October 11, 2022 – Ottawa, Ontario – Department of Justice Canada 

The Honourable David Lametti, Minister of Justice and Attorney General of Canada, today announced the following appointments under the judicial application process established in 2016. This process emphasizes transparency, merit, and the diversity of the Canadian population, and will continue to ensure the appointment of jurists who meet the highest standards of excellence and integrity.

Melanie Del Rizzo, K.C., Partner at Smyth Woodland Del Rizzo Barrett in St. John’s, is appointed a Judge of the Supreme Court of Newfoundland and Labrador, Family Division, in Grand-Falls Windsor. Justice Del Rizzo fills one of three positions allocated to the Family Division further to the Budget Implementation Act, 2018, No.1.

Thomas J. Johnson, K.C., Lawyer at O’Dea Earle in St. John’s, is appointed a Judge of the Supreme Court of Newfoundland and Labrador. Justice Johnson replaces Justice R. McGrath (St. John’s), who was appointed Associate Chief Justice of the Supreme Court of Newfoundland and Labrador on May 27, 2022.  Due to internal Court transfers, the vacancy is located in Corner Brook.


“I wish Justices Del Rizzo and Johnson every success as they take on their new roles.
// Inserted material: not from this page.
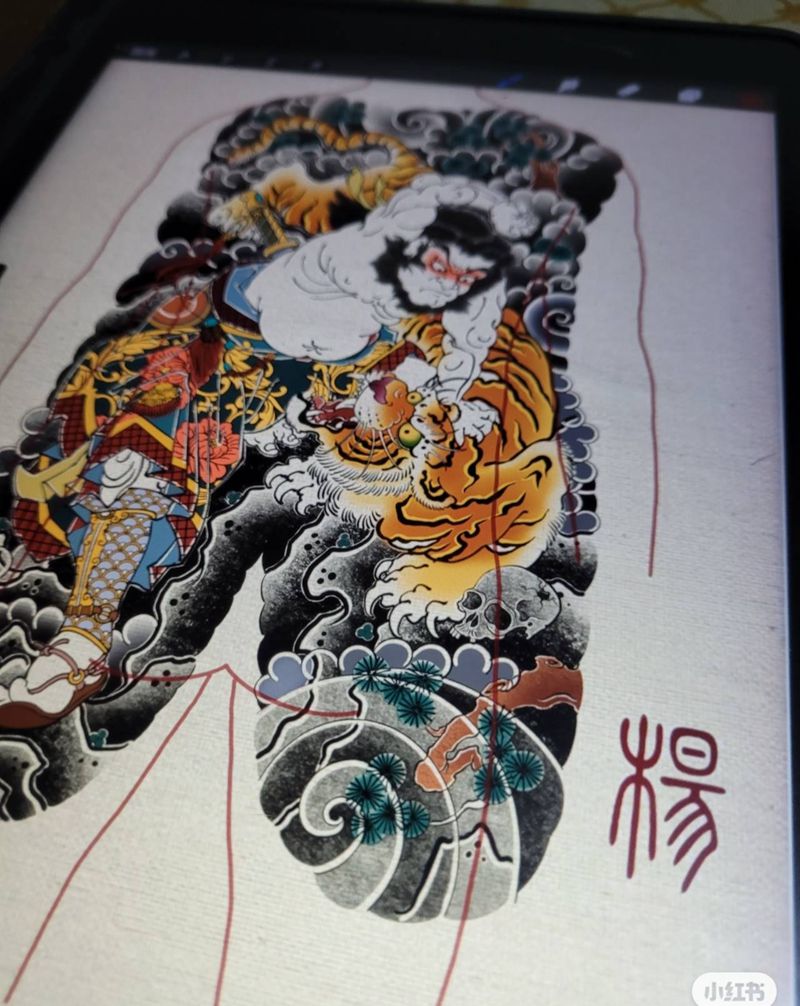 老传统武松纹身图片_背部老传统武松虎纹身图案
I am confident they will serve the people of Newfoundland and Labrador well as members of the Supreme Court.”

—The Hon. David Lametti, Minister of Justice and Attorney General of Canada


Justice Melanie Del Rizzo, K.C., was born and raised in St. John’s, Newfoundland and Labrador. She graduated with a B.Sc. (Hons) from Memorial University of Newfoundland, obtained her LL.B. from McGill University in 1994, was called to the Newfoundland and Labrador Bar in 1995, and obtained certification in alternative dispute resolution in 2012.

Justice Del Rizzo has practiced in small firms throughout her career, and for the last 24 years with the St. John’s law firm now known as Smyth Woodland Del Rizzo Barrett. She served on the Canadian Bar Association National Board of Directors and is a past chair of the Canadian Bar Association National Family Section, and was a recipient of the Newfoundland and Labrador Law Society’s Gordon M. Stirling Distinguished Service Award. She has been a regular presenter at the Bar Admission Course, and has participated in various continuing legal education and public legal education sessions, both locally and nationally, and has served as mentor to many young lawyers throughout her career. She was appointed King’s Counsel in 2019.
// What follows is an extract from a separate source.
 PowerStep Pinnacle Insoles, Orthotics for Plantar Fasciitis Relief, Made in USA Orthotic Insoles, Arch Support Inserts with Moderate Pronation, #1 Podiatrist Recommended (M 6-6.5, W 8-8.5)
Justice Del Rizzo has served on various volunteer boards, including 9 years on School Councils at her children’s schools, as well as 12 years on the City of St. John’s Heritage Committee. She has spent a good part of her life (34 seasons and counting) playing with the Gower Youth Band and Gower Community Band programs.

Justice Del Rizzo is married to John Del Rizzo and is mom to Amelia and Gabe.

Justice Thomas J. Johnson, K.C., graduated from Memorial University with a B.A. in 1991, and from the University of New Brunswick Law School with an LL.B with Distinction in 1994. When he graduated from law school, he was awarded the Lieutenant Governor’s Medal for highest academic standing.

Justice Johnson articled with O’Dea, Earle and remained with the firm for his entire career since his call to the Bar of Newfoundland and Labrador in 1995. His practice focused primarily on civil litigation. He has extensive experience in administrative law, labour law, employment law, professional liability insurance, and public utilities

regulation. He has represented clients in matters before boards, tribunals, the Provincial Court, Supreme Court and Court of Appeal of Newfoundland and Labrador, the Tax Court of Canada, the Federal Court of Appeal, and the Supreme Court of Canada. He served as counsel to the Law Society of Newfoundland and Labrador’s Insurance Program since 2012. He was appointed King’s Counsel in 2014.

Justice Johnson has been involved in the community throughout his career, most recently as a Director of the Newfoundland and Labrador Construction Safety Association and a Member of the Elks Club in St. John’s. He also served on the Law Society of Newfoundland and Labrador’s Insurance Committee for the past 10 years.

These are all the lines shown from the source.